La verdad es que aquí no estamos discutiendo una simple fecha en el calendario. Estamos hablando de algo más profundo: la calidad de la competencia democrática. Porque cuando se comprime el tiempo político, los más golpeados no son quienes tienen dinero, maquinaria y aparato estatal. Los más afectados son las candidaturas territoriales, los movimientos locales, la organización comunitaria, ese trabajo paciente de caminar barrios, tocar puertas y construir confianza sin grandes chequeras detrás.

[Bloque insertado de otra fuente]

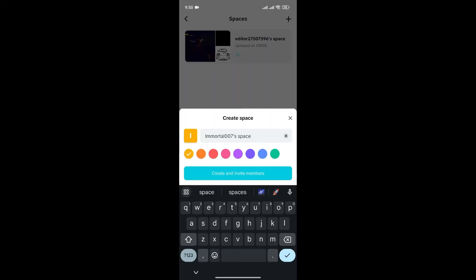You can rename your space name. For now, I'll leave it as it is. Simply click on create and invite.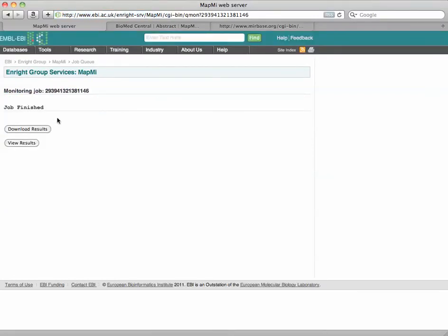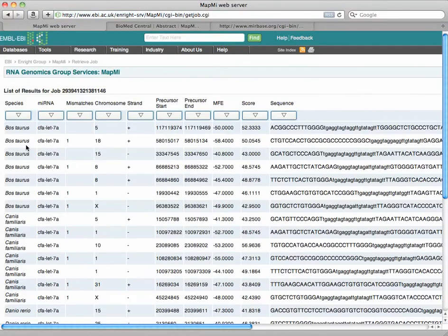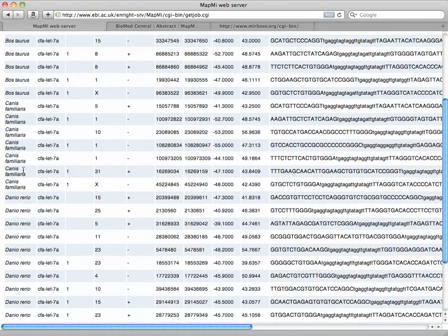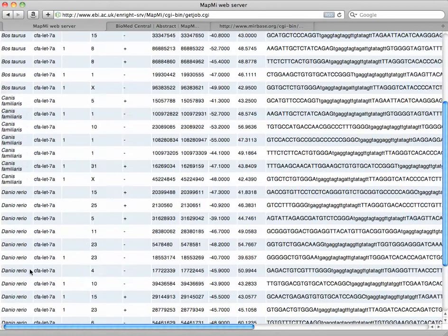And there they are. You can download the results or you can just view them here in the web server. And here, as you see, I pulled out many. I pulled out a lot from cow, from dog, from fish, and one from Drosophila.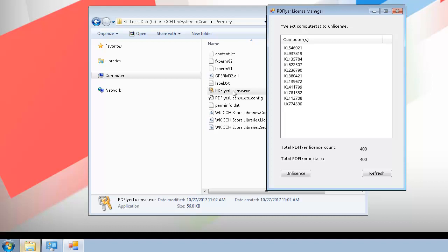In the PDFlyer License Manager, select the computer that you want to remove the license from.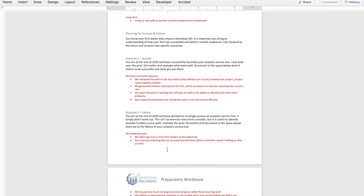Through the lens of the hypothetical firm, we remained focused on our key metrics that defined success — for us, that meant revenue per project, our project count, and our overall pipeline health. We generated interest internally at the firm, which allowed us to do better business development because we had all firm leaders marketing our services to their clients. Our team remained focused not just on learning software, but also on the ability to identify and solve key client problems. And by creating annuity work and raving fans early on, we were able to get that perpetual, annuity service line going very early on.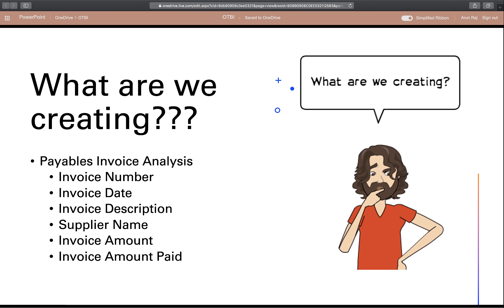We are going to create an analysis which is going to be in a tabular format. We want to analyze the payables invoice details. The columns that we are interested in are Invoice Number, Description, Date, Supplier Name, Invoice Amount, and Invoice Amount Paid.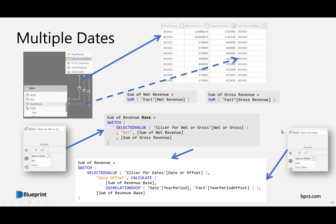You can see on the left side I'm using an active relationship — the solid line — and then an inactive relationship with a dotted line. Regarding the USERELATIONSHIP formula: you cannot use it if you don't have an inactive relationship defined. There are ways to do it with TREATAS — that's a way to handle it without an inactive relationship defined — but for USERELATIONSHIP you absolutely need that inactive relationship.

Además, preocupa la justificación. Se invoca un posible fenómeno climático con demasiada anticipación y con una seguridad que no se compadece con la incertidumbre propia de estos escenarios, algo que ni en pandemia se atrevieron a hacer. Y eso deja un sabor amargo. Porque cuando una decisión tan sensible se toma con argumentos débiles, la sospecha política no nace del capricho: nace de la prudencia.

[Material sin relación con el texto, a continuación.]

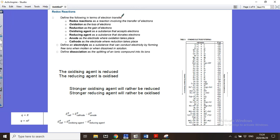We are looking at redox reactions, also called electrochemistry. A redox reaction is a transfer of electrons — something gives electrons and something takes electrons. If there is no change in charge, it is not a redox reaction, because if something gains electrons it becomes more negative, and if it loses electrons it becomes more positive. The two half reactions that form a redox reaction are oxidation, which is the loss of electrons, and reduction, which is the gain of electrons.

No se trata de llorar por una candidatura ni de defender una camiseta partidista. Se trata de defender principios. La democracia no muere solo cuando cierran el Congreso o callan de golpe a toda la prensa. A veces empieza a vaciarse más silenciosamente: cuando se persigue a opositores, cuando se hostiga a autoridades incómodas, cuando se manipulan tiempos y reglas, y cuando se normaliza que el poder se administre sin contrapesos.
Y es que una democracia sin contendores reales termina pareciéndose a una ceremonia vacía. Bonita por fuera, pero hueca por dentro.
Todavía estamos a tiempo de decirlo con claridad: no hay legitimidad posible cuando el poder, en lugar de ganar limpiamente, decide acomodar la cancha a su favor.